**** Supplied entries ****

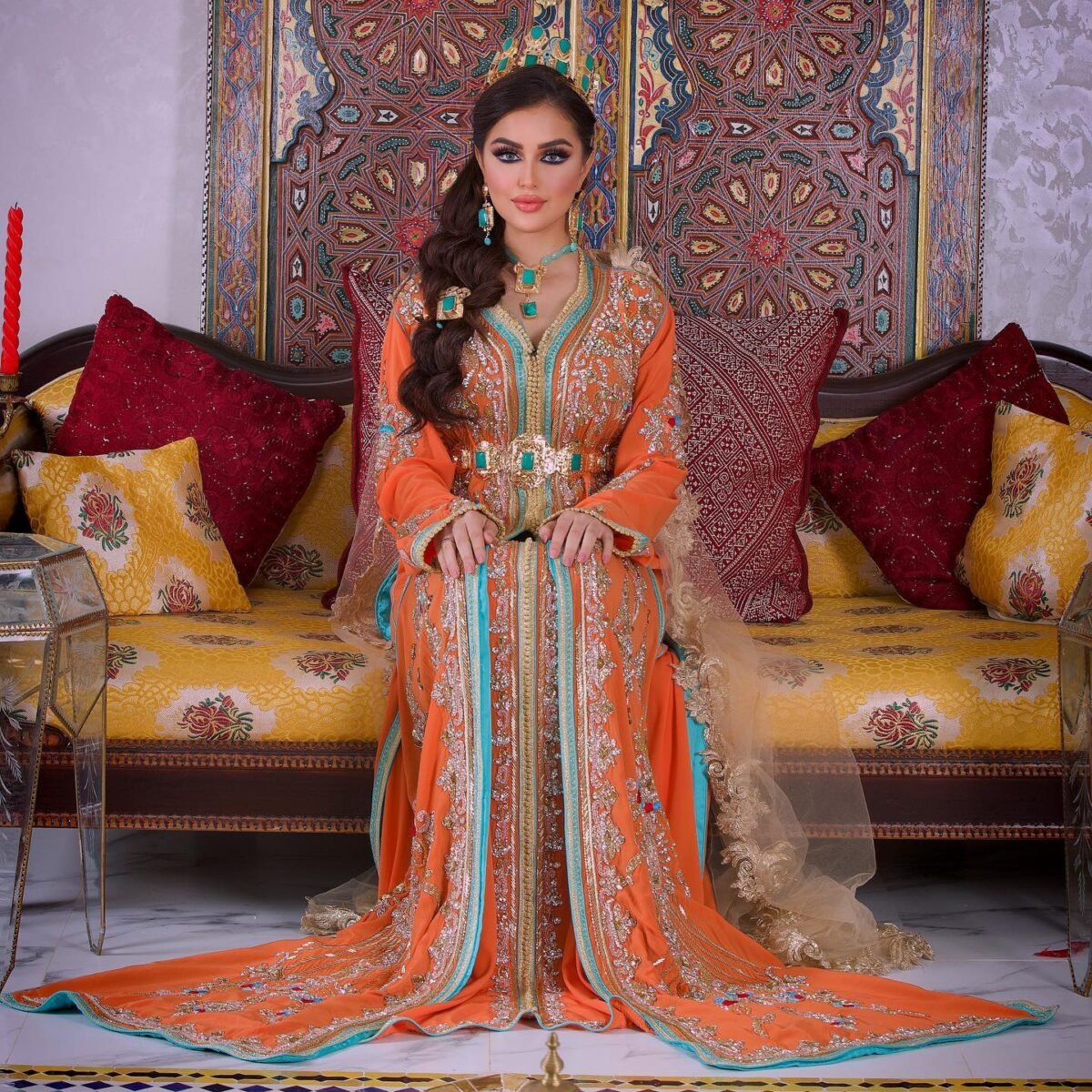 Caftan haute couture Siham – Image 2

****
**** Supplied entries ****

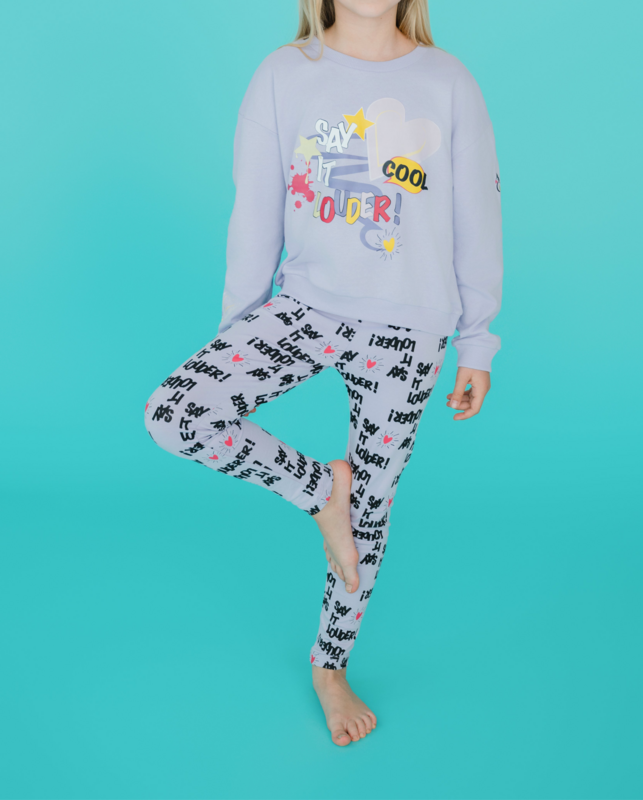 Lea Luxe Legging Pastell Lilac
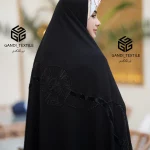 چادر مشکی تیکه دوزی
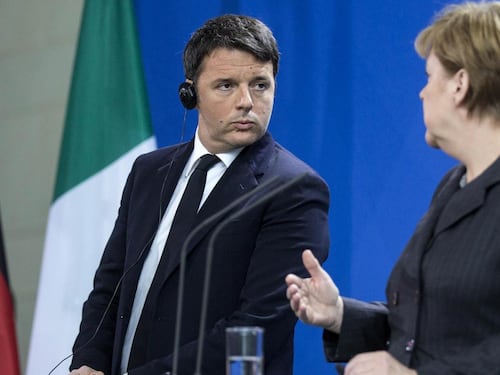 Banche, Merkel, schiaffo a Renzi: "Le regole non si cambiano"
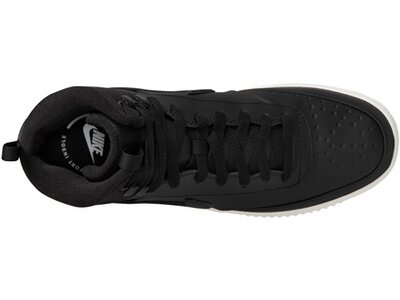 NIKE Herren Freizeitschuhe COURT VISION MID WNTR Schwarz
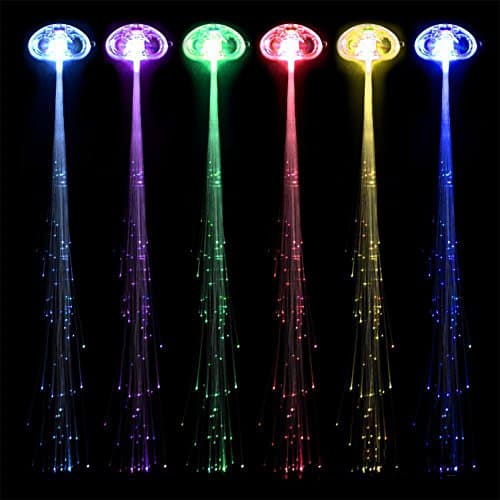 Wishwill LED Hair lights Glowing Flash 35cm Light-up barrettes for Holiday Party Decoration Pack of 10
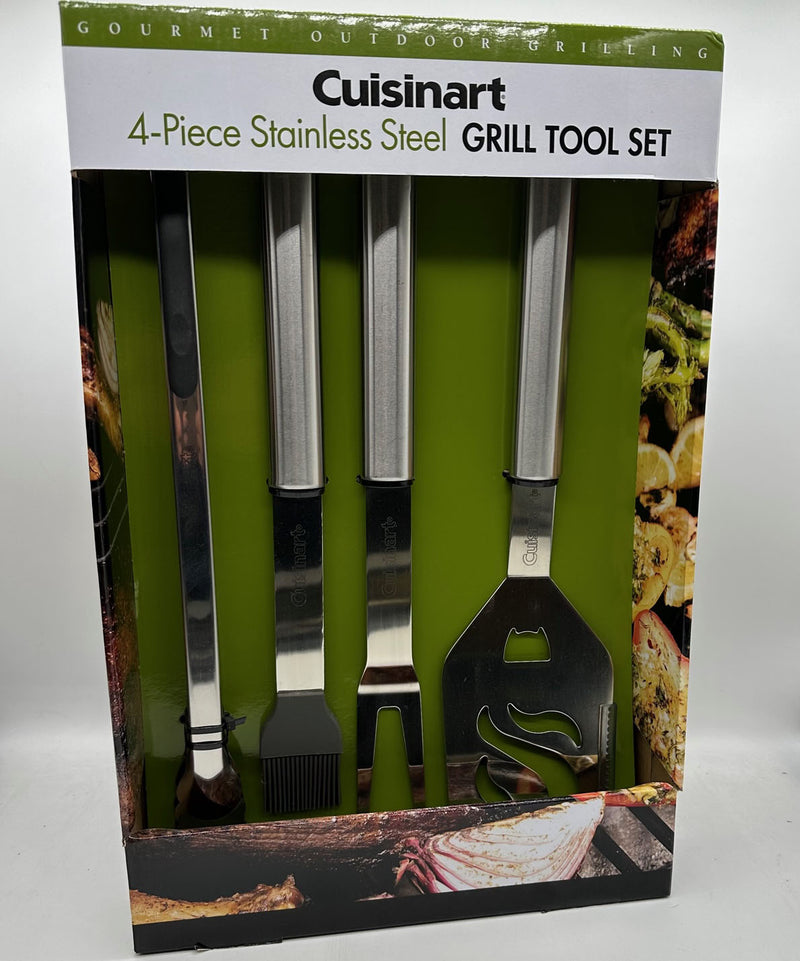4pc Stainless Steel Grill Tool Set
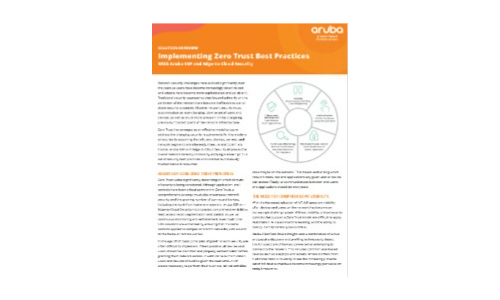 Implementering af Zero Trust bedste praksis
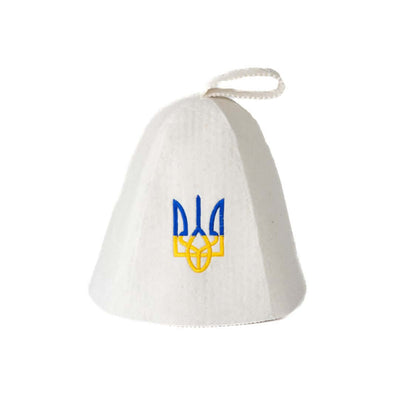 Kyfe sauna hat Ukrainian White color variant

****

Description of the task: Copy the entries above exactly, but only the stretch from the line containing "Banche, Merkel, schiaffo" through the line containing "Kyfe sauna hat Ukrainian White color variant". Keep both end lines; drop the pictures.

Answer for the task:
 Banche, Merkel, schiaffo a Renzi: "Le regole non si cambiano"
 NIKE Herren Freizeitschuhe COURT VISION MID WNTR Schwarz
 Wishwill LED Hair lights Glowing Flash 35cm Light-up barrettes for Holiday Party Decoration Pack of 10
4pc Stainless Steel Grill Tool Set
 Implementering af Zero Trust bedste praksis
 Kyfe sauna hat Ukrainian White color variant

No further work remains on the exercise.